It took 3 days to receive an automated email saying that my order couldn't be processed due to something with my debit card. I re-entered the info yesterday along with sending them an email, but of course I haven't heard from them and my status still shows 'processing'. So, I'm left with not knowing if my card will be accepted this time, and when and if I get my order i then have to wait for 2 wheels to be built. Not being able to ride sucks, especially with the nice dry weather we've been having in eastern PA!


----------



## sandfrog (Aug 29, 2010)

So they have yet to respond to an email that came from my email address but the did respond to the paypal dispute stating that they could not cancel my order and that it was going to ship that day. Here we are 2 days later and there is still no tracking or updated status. Never again my friends... never again...


----------



## TheAntiSpoke (Jul 24, 2011)

There seems to be a great deal of bad press about them on many different forums; including reports of people's bank accounts being compromised after having ordered from them. I had my bank block their charges and got me a new debit card.


----------



## sandfrog (Aug 29, 2010)

Now thats bad stuff...


----------



## ubermustang (Jun 8, 2007)

I ordered a CF riser bar from them on March 30th. The bar shipped out April 2nd and arrived here in San Jose via USPS yesterday. Unfortunately, they don't provide a tracking number with their Royal Mail International service, so I was starting to get nervous that it might have been held at customs. But everything turned out fine so I have no complaints. I will keep a closer eye on my bank statement from now on, though.


----------



## sandfrog (Aug 29, 2010)

So I placed my order on April 6th and it is now the 18th and i have not seen or heard a peep out of Chain Reaction nor have I received my order. These guys SUK!!!!!! I ordered the rest of my stuff from Cambria days after this and I already have all of the items from Cambria in my hand. It appears that the only relevance to their name that reflects their service is the fact that there seems to be a "Chain Reaction" to how much they SUK!!!


----------



## mgv101 (Sep 6, 2010)

90% of my online parts purchases are ordered from CRC and over the years I have placed more than 40 orders from them.
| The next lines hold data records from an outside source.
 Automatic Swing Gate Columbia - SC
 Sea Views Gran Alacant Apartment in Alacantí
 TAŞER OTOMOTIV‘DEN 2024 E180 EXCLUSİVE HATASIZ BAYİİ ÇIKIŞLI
The price were cheap back in the days but they are gradually getting more and more expensive as they grow and dominate the local markets.

Communication and shipping time are "acceptable" and takes them 1-2 WORKING DAYS to reply to your email or to ship out your order. However things do worsen during long holidays which appears to me that their sales/customer service would be completely shut down during the holidays and combined with all the promotion campaign/discounts that they usually launch for a holiday event, they will be flooded with unprocessed order, emails and complaint when they are back from the holidays.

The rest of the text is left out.